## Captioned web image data
= Beginning of Section =
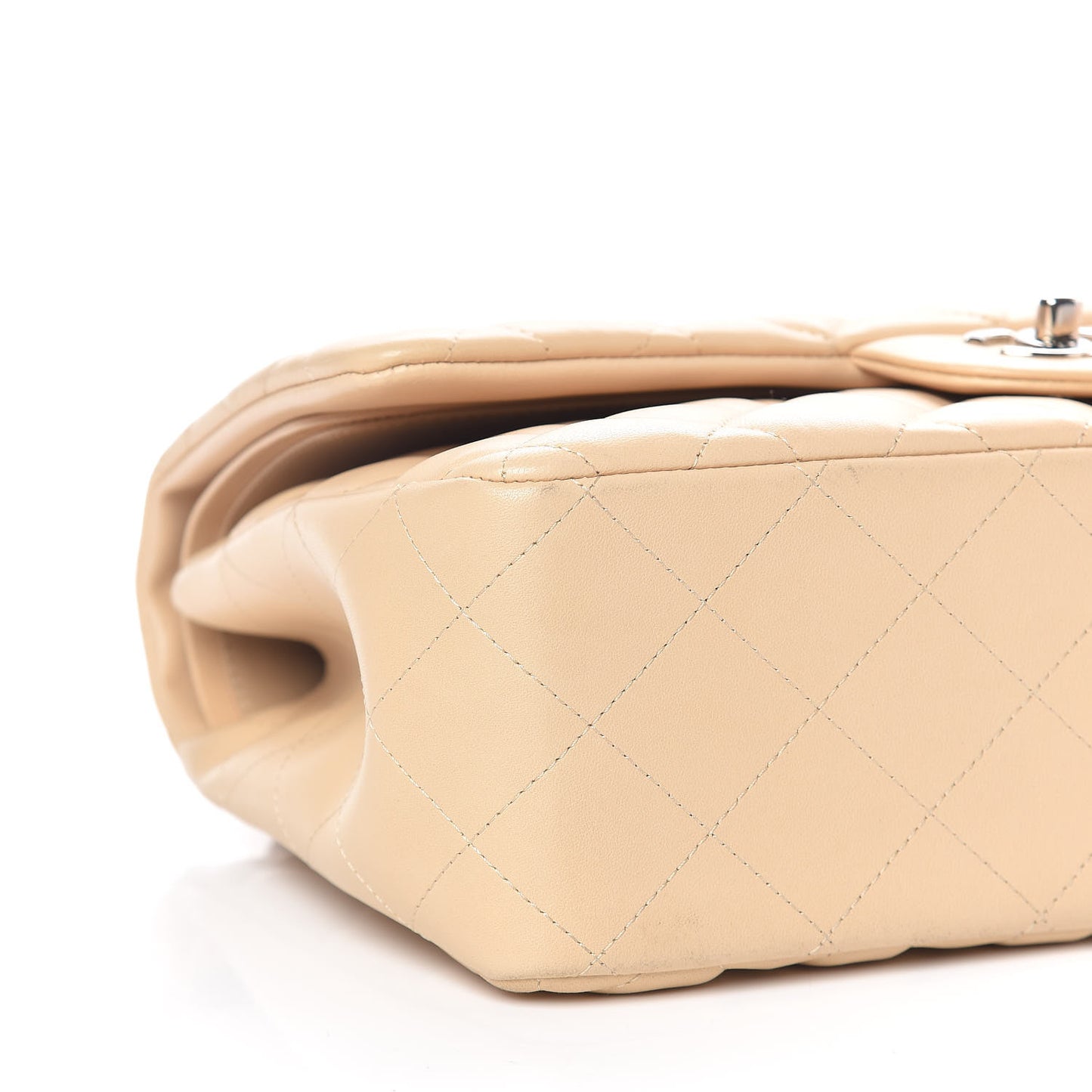 Lambskin Quilted Jumbo Double Flap Beige Clair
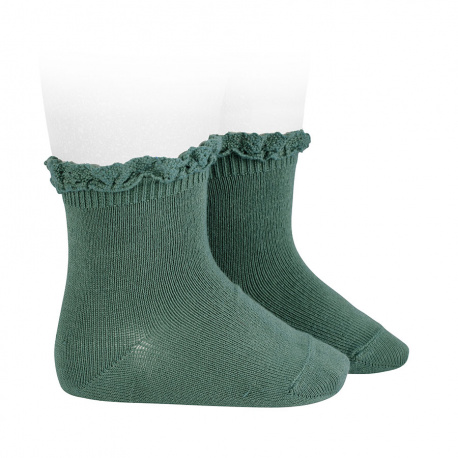 Calcetín bajo con puntilla - Verde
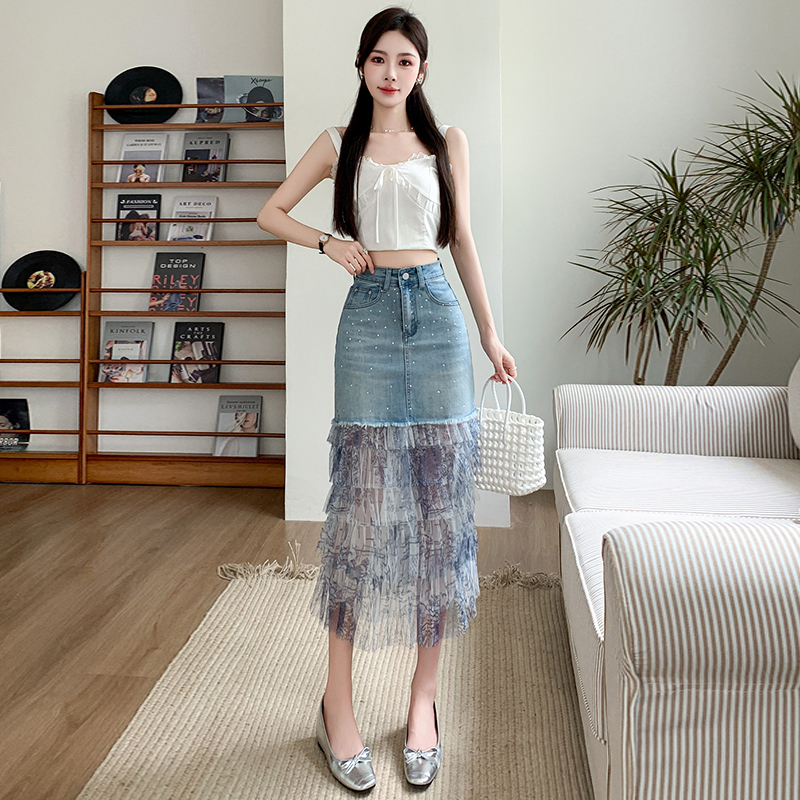 Personality fashion gauze summer splice skirt for women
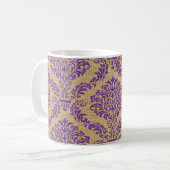 Paarse Parisian Moods Damask Coffee Mok (Voorkant links)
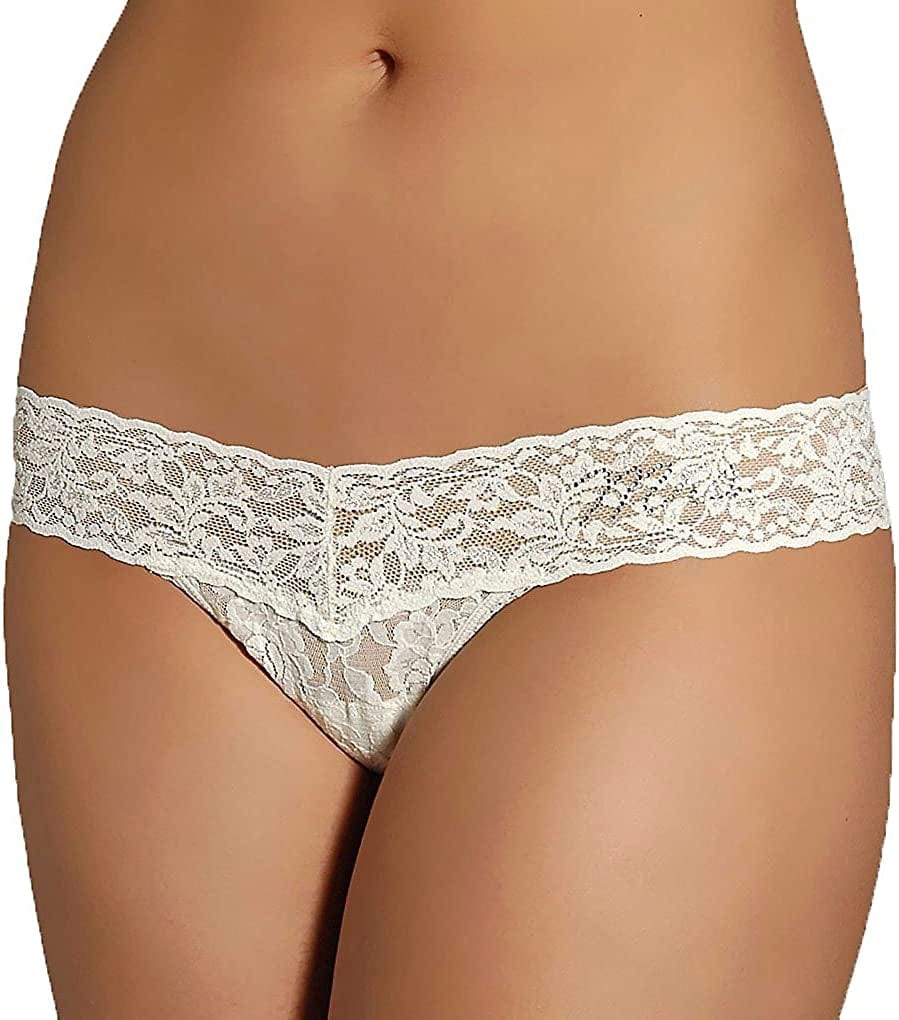 Hanky Panky, Original Rise Thongs, One Size (4-14) Ivory/Clear Crystals / One Size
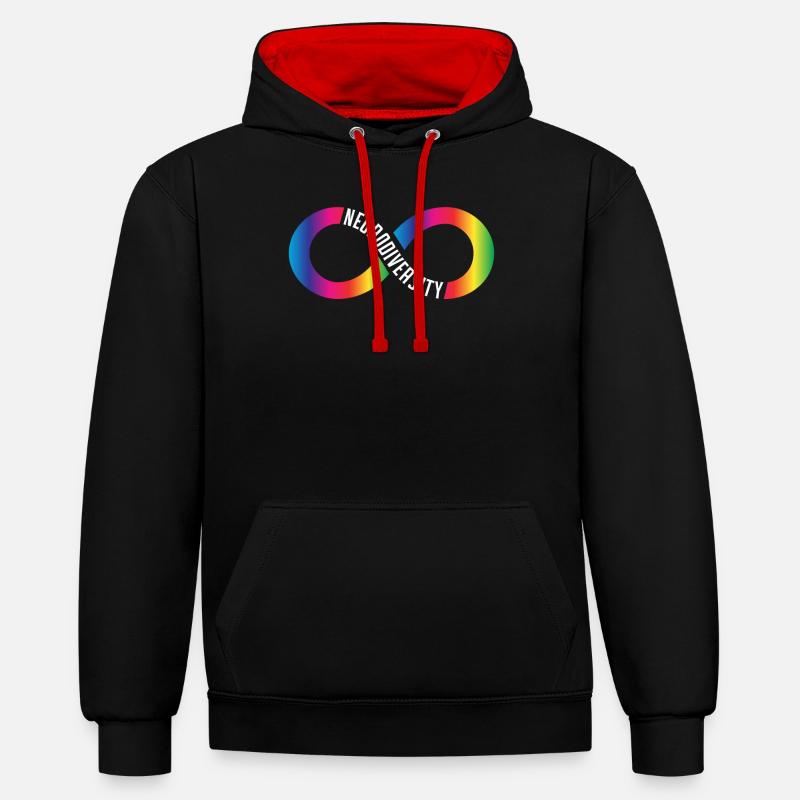 Neurodiversität Rainbow Infinity Neurodivergent - Sweat à capuche contrasté - noir/rouge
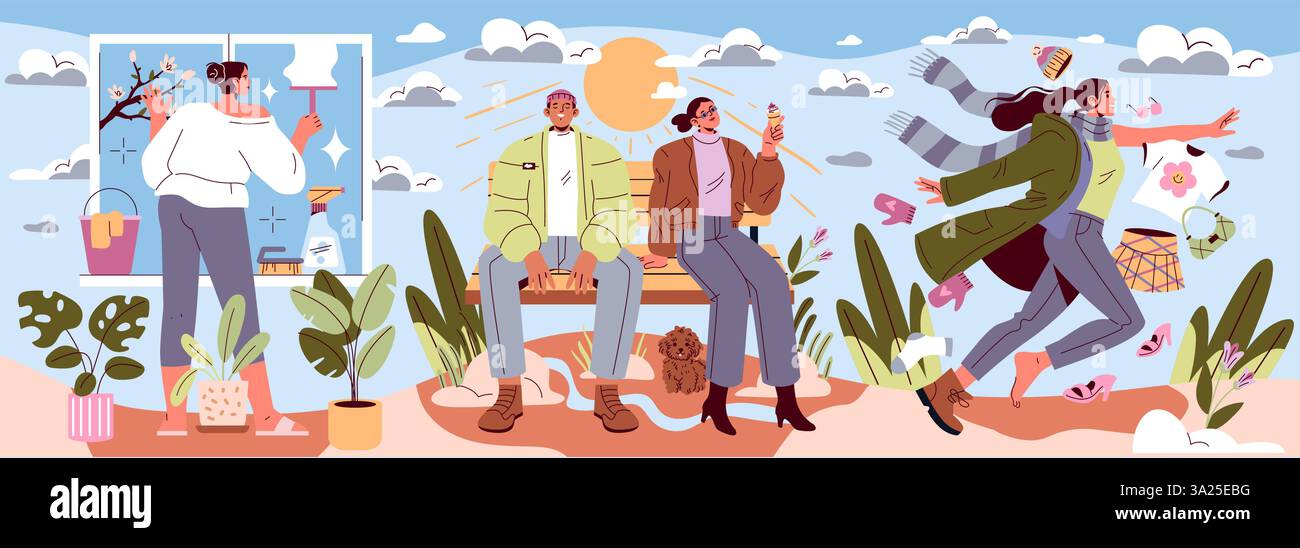 Célébration de l'Equinoxe de printemps illustrée par des scènes joyeuses de gens embrassant le renouveau. Les moments charmants capturent de nouveaux départs : nettoyage de printemps, dégustation de crème glacée au soleil et shopping sans soucis. Illustration vectorielle. Illustration de Vecteur Célébration de l'Equinoxe de printemps illustrée par des scènes joyeuses de gens embrassant le renouveau. Les moments charmants capturent de nouveaux départs : nettoyage de printemps, dégustation de crème glacée au soleil et shopping sans soucis. Illustration vectorielle. Illustration de Vecteur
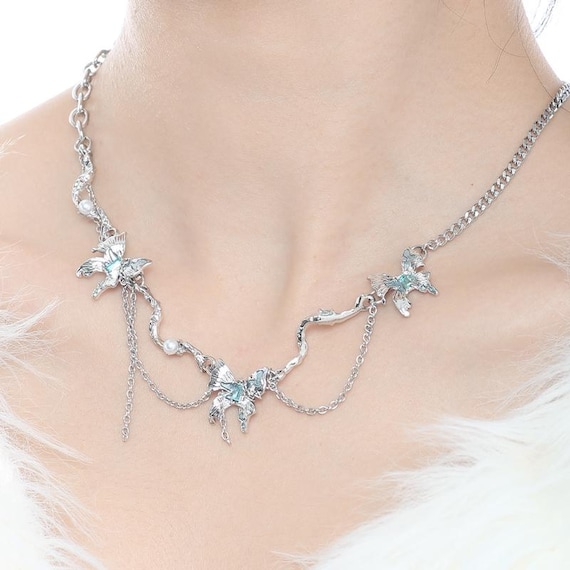 Glacier Butterfly Necklace | Titanium Steel Collar Jewelry | Y2K chocker | Nickel Free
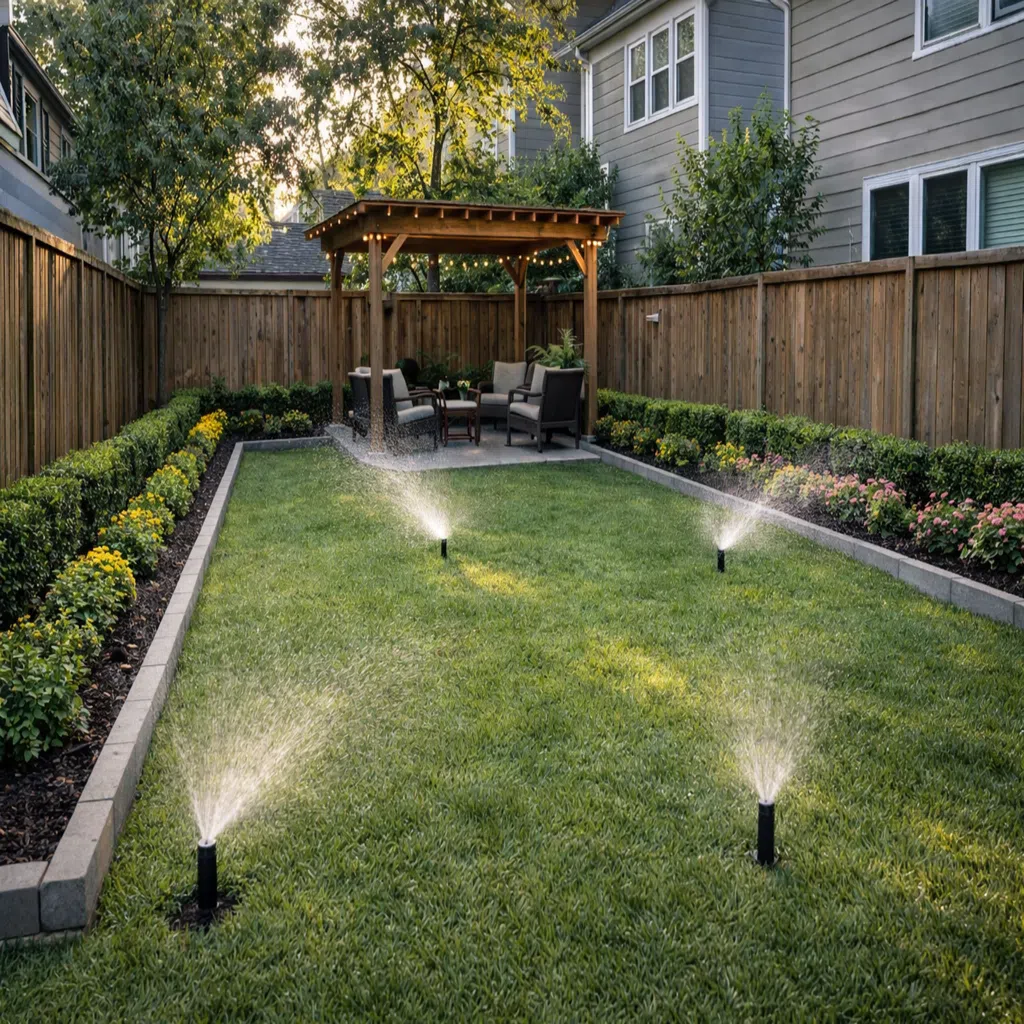 Graphic showing an irrigation system concept with sprinkler icons and greenery, promoting irrigation services by Strong Landscaping.
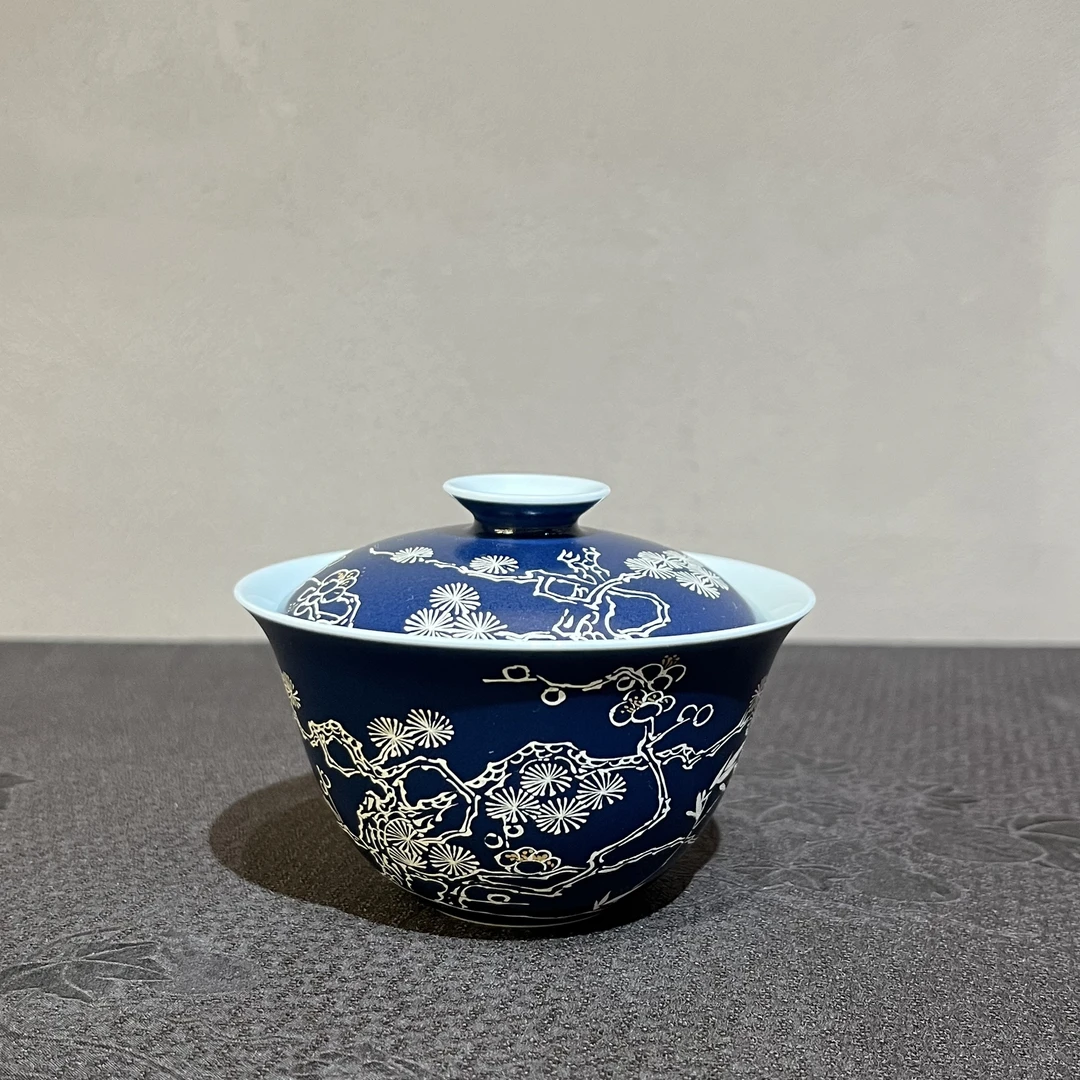 SH3312[学茶严选]霁蓝银彩松枝卧足盖碗 陶瓷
= End of Section =
## About this exercise
Your answer should consist of the lines above between those holding "Calcetín bajo con puntilla - Verde" and "Neurodiversität Rainbow Infinity", inclusive, reproduced word for word and without pictures.

## Response to the exercise
 Calcetín bajo con puntilla - Verde
 Personality fashion gauze summer splice skirt for women
 Paarse Parisian Moods Damask Coffee Mok (Voorkant links)
 Hanky Panky, Original Rise Thongs, One Size (4-14) Ivory/Clear Crystals / One Size
 Neurodiversität Rainbow Infinity Neurodivergent - Sweat à capuche contrasté - noir/rouge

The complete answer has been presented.